Q: I have always enjoyed your column and read it with interest. I was wondering why the flaps are set differently on takeoff than on landing. Also what do the flaps on the wing that pop up do? I have seen them come up a little ways as we were making our final approach to the airport.
— submitted by reader spedteacher
A: Good question. The flaps for takeoff are set to produce extra lift while not adding a lot of drag. During landing, the flaps are extended much farther, which allows a lower airspeed for approach and landing, but the drag is much greater.
Determining the proper flaps for takeoff and landing also depends on the runway length, airport elevation and weight of the airplane.

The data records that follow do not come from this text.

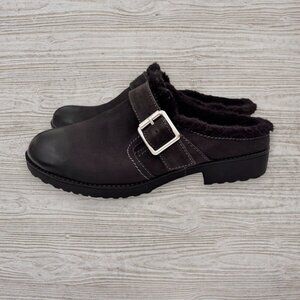 New NATURALIZER Black Leather Slip On Faux Fur Comfort Mules Clogs Womens 8 Wide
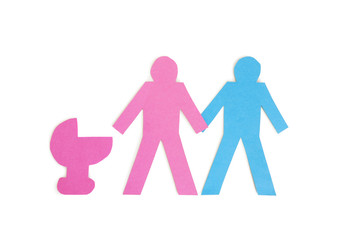 Two stick figures holding hands while standing besides a baby carriage over white background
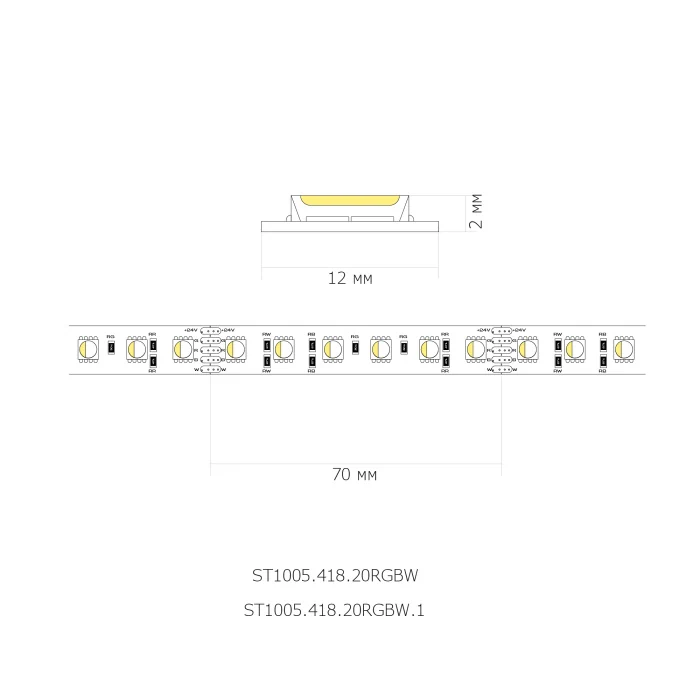 Светодиодная лента - -*9,6W 4000K 1 008Lm Ra90 IP20 L1 000xW8xH2 24VV ST1001.410.20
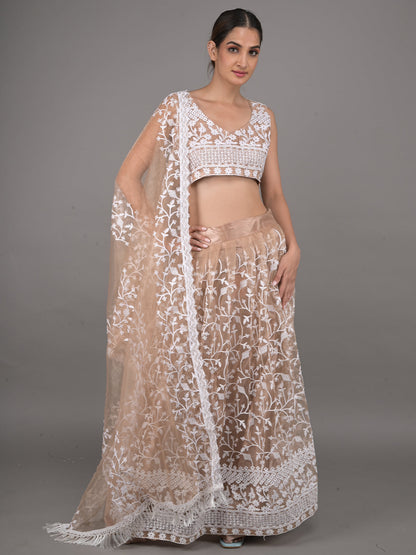 Rajwada Beige Embroidered Stitched Net Lehenga Set For Women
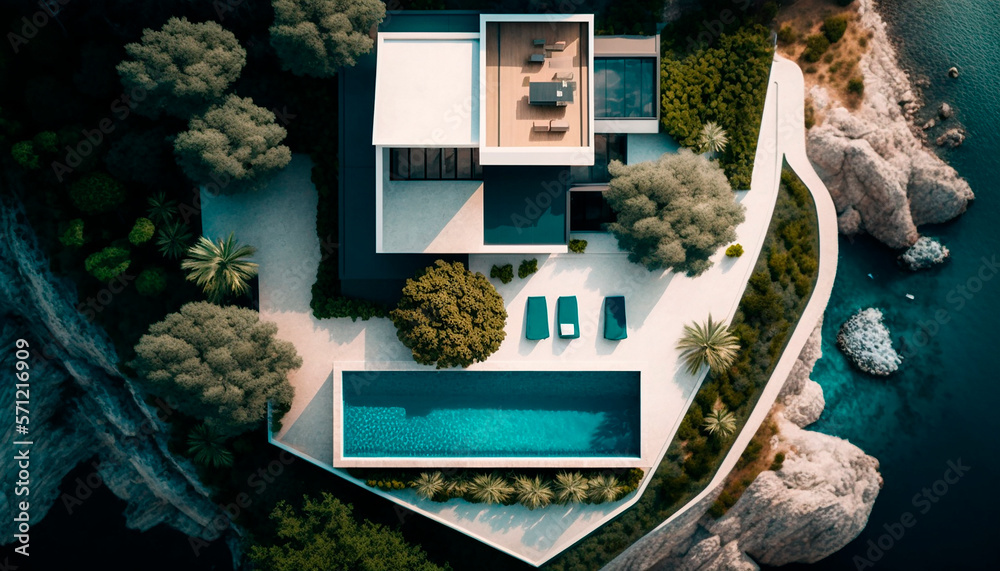 high quality aerial drone picture of ultra modern house, villa with great,  wonderful garden und beautiful pool high up on a mountain, with beach and  the sea, generative ai Illustration Stock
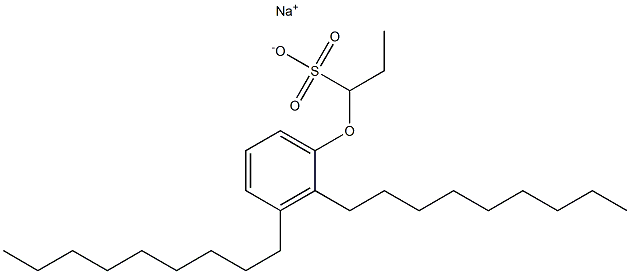 1-(2,3-ジノニルフェノキシ)プロパン-1-スルホン酸ナトリウム 化学構造式
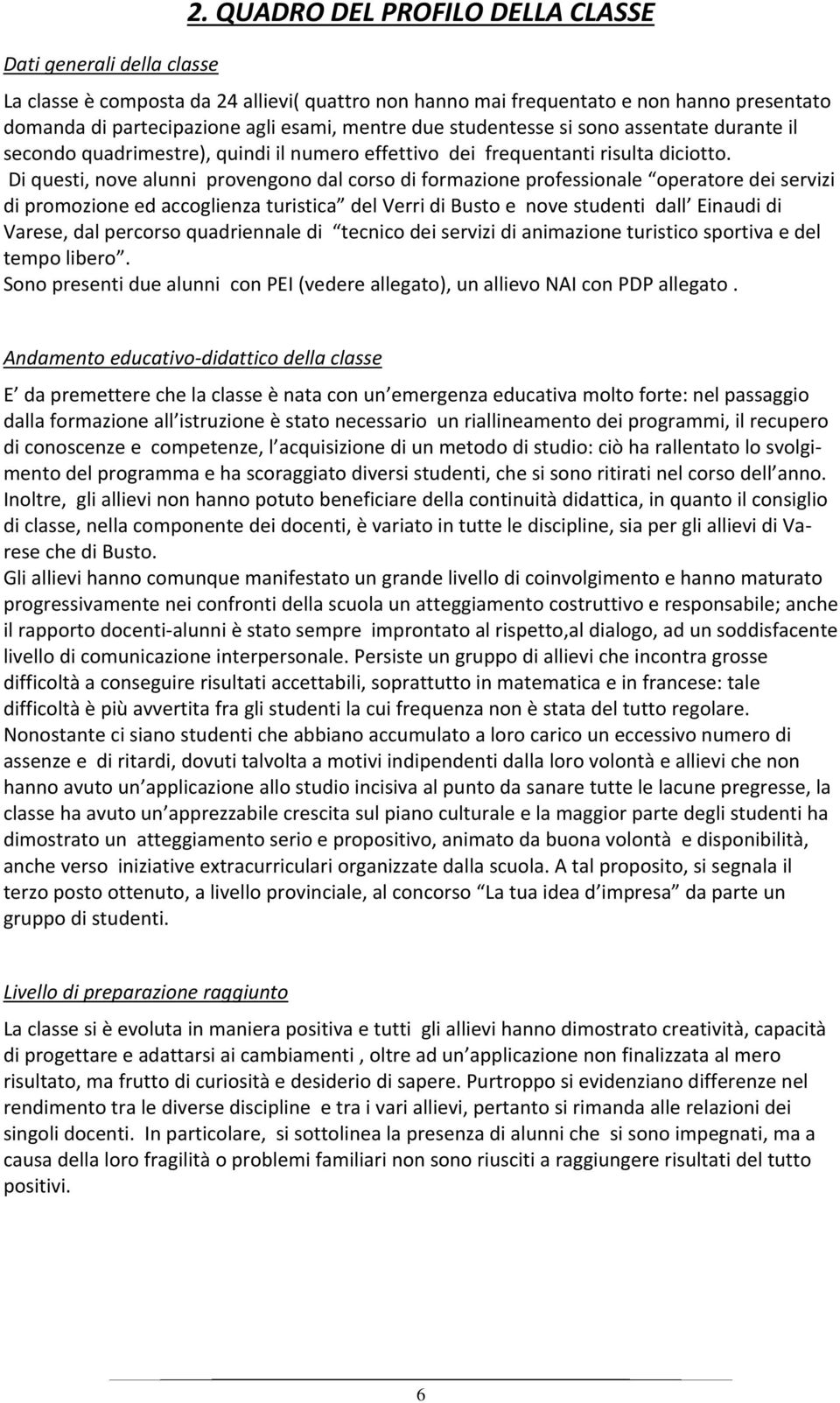 assentate durante il secondo quadrimestre), quindi il numero effettivo dei frequentanti risulta diciotto.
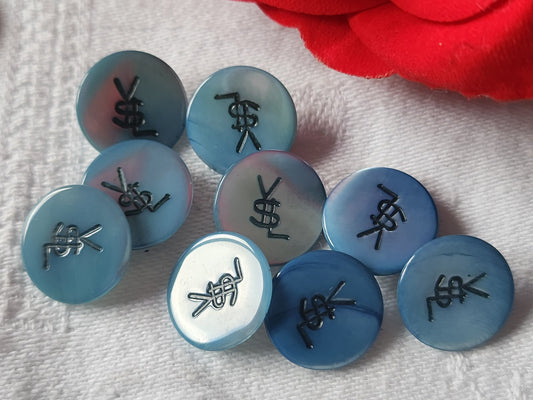 Lot 9 boutons vintage en nacre bleu YSL 1,4 cm pied panaché  ref 4871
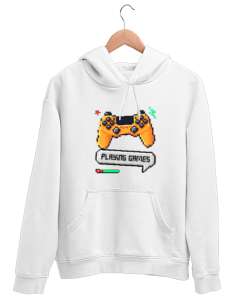 Playing Games Oyun Oynayalım Retro ve Piksel Art Oyun Kolu Oyuncu Özel Tasarım Beyaz Unisex Kapşonlu Sweatshirt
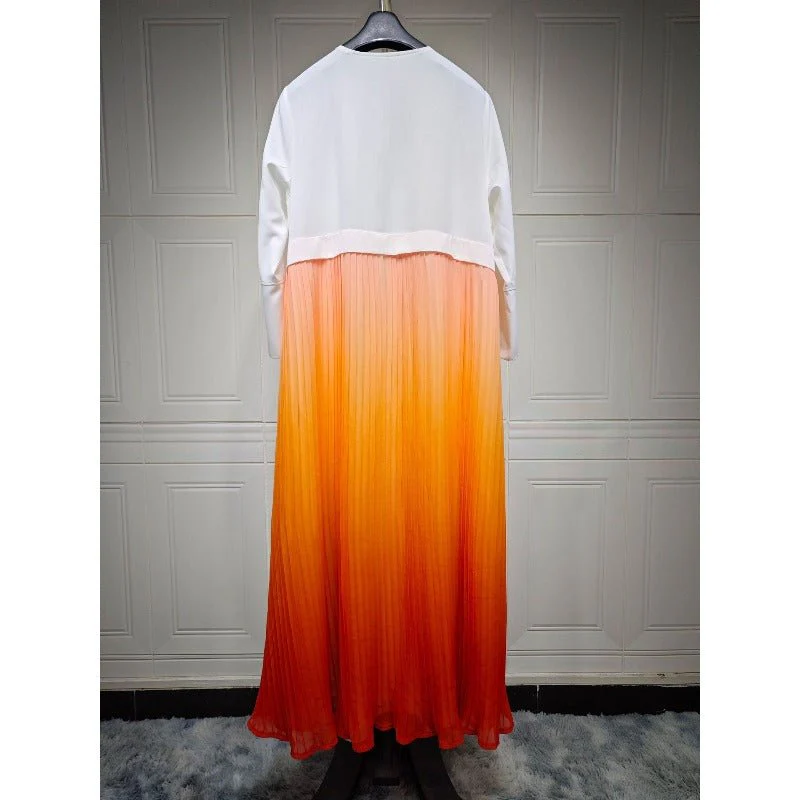Elegant Gradient Pleated Abaya Robe | Modest Muslim Chiffon Maxi Dress (MOA223) - Image 23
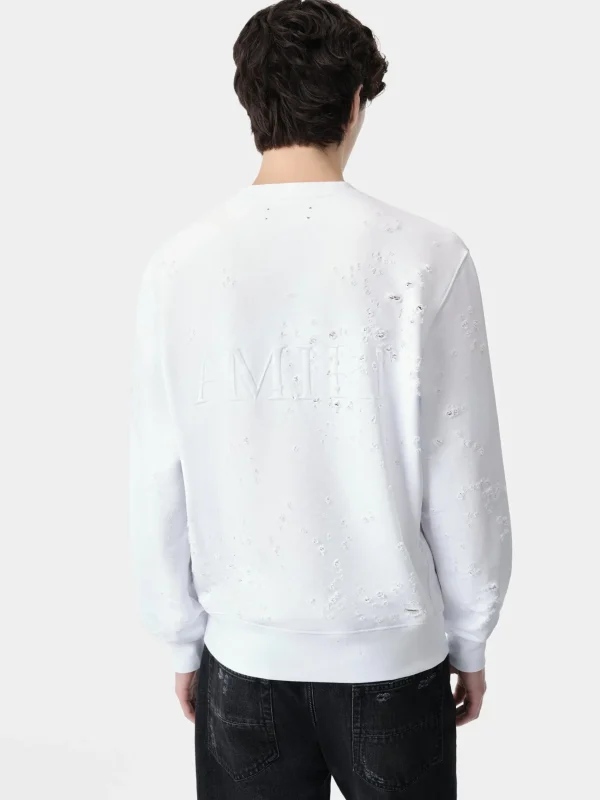 AMIRI Sweatshirts>MA SHOTGUN EMBROIDERED CREW White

Here are a couple of examples of how take-off flap settings could vary. For a Boeing 737 at a high-altitude airport with a long runway and heavily loaded, a minimum flap setting would be used (depending on the model either flaps "1" or "5"). The airplane accelerates on the ground to a higher speed (using more runway) to an airspeed that allows it to climb if one engine fails. On a short runway this is not possible, and a flap setting of "15" is used. The extra flaps produce lift at lower speed, allowing liftoff to occur earlier. However, it may not be possible to carry as much weight (passengers, fuel, and/or cargo) while still being able to climb in the event of an engine failure.